Surabaya, korannasional.Id - Eri Cahyadi Wali Kota Surabaya menetapkan aturan parkir di toko modern usai bertemu dengan para pengusaha. Toko modern yang punya lahan parkir sendiri atau persil, bebas menggratiskan pengunjung atau menarik tarif parkir ke pengunjung.
“(Pertemuan dengan pengusaha) sudah, sudah kita lakukan,” kata Eri ketika ditemui awak media usai rapat paripurna di Gedung DPRD Kota Surabaya, Senin (16/6/2025).
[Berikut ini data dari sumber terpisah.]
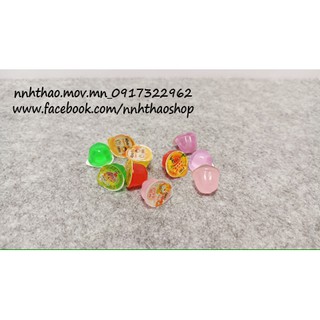 Minifood_rau cau trang trí nhà búp bê (1:12, 1:6)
Kewajiban yang diatur hanya mereka wajib menyediakan tempat parkir beserta petugasnya.
“Tapi, toko modern itu memiliki kebijakan sendiri. Sudah. Orang bayar aku yang tanggung, aku yang bayar (ke Pemkot),” katanya.
Parkir gratis atau berbayar yang dikenakan ke pengunjung, bukan wewenang Pemkot. Pemkot hanya memastikan para pengusaha tertib bayar pajak parkir.
“Intinya sama saja, itu adalah ketika dia itu mau berbayar atau tidak berbayar maka pajak parkir yang diserahkan adalah sesuai dengan jumlah kendaraan yang parkir di sana. Itu intinya,” jelasnya.
Sesuai Perda Kota Surabaya Nomor 3 Tahun 2018 tentang Penyelenggaraan Perparkiran, besaran pajak parkir yang harus dibayar pengusaha adalah sepuluh persen dari jumlah kendaraan parkir.
“Jadi satu ya, dia butuh pasti ada petugas parkir. Dan petugas parkir itu lah yang melakukan dengan perhitungan dengan tap-nya, jumlahnya (kendaraan) berapa. (Red)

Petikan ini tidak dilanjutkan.